Short descriptive text snippets:
-=-=-

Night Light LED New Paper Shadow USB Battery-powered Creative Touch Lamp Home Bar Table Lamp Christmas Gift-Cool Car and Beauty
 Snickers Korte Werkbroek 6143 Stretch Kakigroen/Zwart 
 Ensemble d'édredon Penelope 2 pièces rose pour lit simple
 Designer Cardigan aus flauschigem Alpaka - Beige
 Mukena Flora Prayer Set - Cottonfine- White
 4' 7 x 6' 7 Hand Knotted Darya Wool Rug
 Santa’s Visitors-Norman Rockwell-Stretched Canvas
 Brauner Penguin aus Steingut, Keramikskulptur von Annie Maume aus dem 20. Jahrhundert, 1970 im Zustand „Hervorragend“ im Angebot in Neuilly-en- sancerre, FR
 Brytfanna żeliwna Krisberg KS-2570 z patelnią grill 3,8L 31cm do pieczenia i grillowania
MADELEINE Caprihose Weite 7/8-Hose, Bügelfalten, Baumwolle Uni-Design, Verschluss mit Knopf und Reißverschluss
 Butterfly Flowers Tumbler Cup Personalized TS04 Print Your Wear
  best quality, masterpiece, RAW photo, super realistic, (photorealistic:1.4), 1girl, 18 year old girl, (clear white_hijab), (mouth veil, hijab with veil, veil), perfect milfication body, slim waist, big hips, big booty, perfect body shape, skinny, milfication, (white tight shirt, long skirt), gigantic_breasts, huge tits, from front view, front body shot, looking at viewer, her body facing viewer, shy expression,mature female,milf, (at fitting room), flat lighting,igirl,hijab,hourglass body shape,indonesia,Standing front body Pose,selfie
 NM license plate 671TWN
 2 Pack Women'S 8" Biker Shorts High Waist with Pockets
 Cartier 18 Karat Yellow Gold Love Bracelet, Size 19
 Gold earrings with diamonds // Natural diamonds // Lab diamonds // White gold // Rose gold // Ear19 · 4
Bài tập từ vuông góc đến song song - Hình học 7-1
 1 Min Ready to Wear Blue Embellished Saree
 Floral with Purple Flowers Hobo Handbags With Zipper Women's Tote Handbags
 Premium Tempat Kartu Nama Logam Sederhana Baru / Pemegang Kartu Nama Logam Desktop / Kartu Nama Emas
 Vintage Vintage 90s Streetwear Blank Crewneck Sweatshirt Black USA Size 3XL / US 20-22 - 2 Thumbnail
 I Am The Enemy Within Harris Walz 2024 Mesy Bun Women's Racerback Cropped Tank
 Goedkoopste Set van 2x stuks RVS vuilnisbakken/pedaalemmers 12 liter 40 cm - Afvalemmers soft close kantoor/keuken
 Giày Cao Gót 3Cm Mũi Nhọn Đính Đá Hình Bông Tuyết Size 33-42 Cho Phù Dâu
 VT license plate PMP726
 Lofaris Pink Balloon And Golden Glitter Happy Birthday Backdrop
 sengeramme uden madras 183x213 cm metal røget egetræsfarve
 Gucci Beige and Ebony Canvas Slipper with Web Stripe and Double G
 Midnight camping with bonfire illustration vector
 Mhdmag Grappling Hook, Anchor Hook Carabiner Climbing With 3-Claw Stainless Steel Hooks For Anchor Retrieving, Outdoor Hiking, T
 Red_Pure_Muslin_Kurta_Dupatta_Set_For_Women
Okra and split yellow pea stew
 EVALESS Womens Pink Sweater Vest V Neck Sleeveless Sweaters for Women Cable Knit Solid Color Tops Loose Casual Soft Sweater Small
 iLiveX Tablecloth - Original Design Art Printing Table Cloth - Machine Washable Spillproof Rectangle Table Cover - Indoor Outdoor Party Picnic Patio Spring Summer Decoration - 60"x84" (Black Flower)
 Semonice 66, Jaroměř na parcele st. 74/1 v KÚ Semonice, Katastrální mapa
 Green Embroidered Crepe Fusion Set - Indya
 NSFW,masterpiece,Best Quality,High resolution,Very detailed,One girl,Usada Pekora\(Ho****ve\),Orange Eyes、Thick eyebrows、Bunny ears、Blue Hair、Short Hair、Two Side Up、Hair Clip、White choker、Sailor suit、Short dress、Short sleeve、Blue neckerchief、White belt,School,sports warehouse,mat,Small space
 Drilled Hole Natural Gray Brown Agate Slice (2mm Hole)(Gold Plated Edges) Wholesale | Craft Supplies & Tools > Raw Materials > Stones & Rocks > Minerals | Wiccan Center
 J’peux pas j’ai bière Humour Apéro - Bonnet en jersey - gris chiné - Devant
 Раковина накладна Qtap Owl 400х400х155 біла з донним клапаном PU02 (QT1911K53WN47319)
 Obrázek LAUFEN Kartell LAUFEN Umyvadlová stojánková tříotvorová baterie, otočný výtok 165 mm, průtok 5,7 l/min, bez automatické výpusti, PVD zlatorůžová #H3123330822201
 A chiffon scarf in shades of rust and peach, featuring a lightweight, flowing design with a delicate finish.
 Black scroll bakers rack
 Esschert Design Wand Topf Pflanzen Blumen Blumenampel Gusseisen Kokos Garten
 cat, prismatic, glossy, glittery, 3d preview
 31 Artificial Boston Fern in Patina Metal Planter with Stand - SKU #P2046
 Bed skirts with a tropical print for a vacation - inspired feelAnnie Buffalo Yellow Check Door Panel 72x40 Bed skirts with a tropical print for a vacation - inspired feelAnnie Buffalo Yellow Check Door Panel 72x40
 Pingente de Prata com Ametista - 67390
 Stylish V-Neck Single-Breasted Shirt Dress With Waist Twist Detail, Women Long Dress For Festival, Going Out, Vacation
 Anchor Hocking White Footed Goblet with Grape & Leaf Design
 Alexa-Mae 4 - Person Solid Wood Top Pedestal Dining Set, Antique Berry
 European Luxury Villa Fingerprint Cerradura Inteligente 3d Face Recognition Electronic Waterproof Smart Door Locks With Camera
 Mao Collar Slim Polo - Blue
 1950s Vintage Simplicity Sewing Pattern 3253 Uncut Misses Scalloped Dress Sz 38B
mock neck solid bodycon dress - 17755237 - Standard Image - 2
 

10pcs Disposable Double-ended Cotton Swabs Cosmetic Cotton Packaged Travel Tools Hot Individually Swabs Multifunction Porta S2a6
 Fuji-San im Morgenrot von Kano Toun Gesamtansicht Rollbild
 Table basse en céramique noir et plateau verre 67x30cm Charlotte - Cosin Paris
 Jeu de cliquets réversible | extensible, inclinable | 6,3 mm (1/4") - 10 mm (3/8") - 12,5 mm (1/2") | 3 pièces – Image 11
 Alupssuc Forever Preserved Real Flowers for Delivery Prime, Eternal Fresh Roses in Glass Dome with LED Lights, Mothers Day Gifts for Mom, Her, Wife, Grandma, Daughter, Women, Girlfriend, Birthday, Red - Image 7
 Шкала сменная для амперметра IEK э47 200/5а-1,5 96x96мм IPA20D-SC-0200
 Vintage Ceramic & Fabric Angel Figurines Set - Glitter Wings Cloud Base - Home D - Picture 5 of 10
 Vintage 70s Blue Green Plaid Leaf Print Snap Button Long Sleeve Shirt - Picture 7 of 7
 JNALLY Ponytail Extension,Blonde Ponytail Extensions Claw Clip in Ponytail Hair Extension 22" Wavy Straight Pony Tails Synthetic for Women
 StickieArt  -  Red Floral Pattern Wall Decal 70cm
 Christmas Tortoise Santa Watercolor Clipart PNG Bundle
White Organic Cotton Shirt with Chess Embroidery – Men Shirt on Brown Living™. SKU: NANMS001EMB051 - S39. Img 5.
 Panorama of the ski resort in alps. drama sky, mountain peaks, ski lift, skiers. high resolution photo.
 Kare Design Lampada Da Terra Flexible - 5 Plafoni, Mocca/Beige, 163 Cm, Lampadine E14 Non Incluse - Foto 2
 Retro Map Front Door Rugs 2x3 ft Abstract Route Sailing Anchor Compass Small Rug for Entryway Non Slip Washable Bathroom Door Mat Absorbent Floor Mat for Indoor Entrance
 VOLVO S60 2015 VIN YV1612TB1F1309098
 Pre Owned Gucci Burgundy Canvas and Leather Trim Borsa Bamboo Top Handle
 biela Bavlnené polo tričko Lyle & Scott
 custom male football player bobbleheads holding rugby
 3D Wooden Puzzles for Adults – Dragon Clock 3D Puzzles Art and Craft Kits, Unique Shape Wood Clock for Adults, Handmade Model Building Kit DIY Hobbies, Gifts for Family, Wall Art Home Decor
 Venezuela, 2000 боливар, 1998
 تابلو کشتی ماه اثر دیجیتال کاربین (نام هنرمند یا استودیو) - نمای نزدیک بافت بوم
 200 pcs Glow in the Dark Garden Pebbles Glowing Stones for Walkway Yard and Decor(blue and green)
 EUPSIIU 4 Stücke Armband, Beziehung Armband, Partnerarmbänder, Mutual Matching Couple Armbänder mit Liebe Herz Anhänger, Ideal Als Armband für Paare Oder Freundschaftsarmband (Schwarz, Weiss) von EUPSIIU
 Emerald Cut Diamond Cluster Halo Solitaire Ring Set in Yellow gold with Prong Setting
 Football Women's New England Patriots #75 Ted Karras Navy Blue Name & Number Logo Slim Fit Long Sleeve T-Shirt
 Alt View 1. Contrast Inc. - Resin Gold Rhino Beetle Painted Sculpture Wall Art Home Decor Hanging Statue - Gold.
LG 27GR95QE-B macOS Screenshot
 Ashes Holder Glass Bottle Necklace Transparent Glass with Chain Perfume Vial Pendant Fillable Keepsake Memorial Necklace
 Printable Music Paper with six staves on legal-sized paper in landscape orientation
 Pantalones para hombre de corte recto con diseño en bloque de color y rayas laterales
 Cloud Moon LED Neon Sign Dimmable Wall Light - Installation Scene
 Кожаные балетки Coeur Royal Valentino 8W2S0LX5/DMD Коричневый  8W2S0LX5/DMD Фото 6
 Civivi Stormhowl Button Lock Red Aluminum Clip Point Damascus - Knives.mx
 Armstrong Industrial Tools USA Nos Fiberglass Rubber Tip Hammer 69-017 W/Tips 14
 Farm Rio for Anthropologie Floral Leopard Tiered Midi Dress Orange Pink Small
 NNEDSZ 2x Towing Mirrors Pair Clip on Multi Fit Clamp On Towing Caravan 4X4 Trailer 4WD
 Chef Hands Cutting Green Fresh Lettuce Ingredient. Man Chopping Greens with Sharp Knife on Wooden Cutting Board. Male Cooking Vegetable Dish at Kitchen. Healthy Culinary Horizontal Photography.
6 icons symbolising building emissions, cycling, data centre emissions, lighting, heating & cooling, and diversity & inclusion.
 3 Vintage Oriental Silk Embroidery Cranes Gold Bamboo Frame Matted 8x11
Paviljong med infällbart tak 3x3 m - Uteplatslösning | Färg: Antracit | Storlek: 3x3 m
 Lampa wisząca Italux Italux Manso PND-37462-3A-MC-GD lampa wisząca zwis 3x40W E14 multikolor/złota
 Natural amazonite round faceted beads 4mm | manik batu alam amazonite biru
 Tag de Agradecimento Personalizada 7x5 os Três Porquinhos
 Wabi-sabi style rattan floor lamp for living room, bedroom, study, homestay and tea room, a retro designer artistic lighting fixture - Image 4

-=-=-

=== What the exercise asks ===
Return the span of lines in the data above that opens at the line with "Floral with Purple" and closes at the line with "I Am The Enemy", exactly, ends included, nothing else.

=== Solution ===
 Floral with Purple Flowers Hobo Handbags With Zipper Women's Tote Handbags
 Premium Tempat Kartu Nama Logam Sederhana Baru / Pemegang Kartu Nama Logam Desktop / Kartu Nama Emas
 Vintage Vintage 90s Streetwear Blank Crewneck Sweatshirt Black USA Size 3XL / US 20-22 - 2 Thumbnail
 I Am The Enemy Within Harris Walz 2024 Mesy Bun Women's Racerback Cropped Tank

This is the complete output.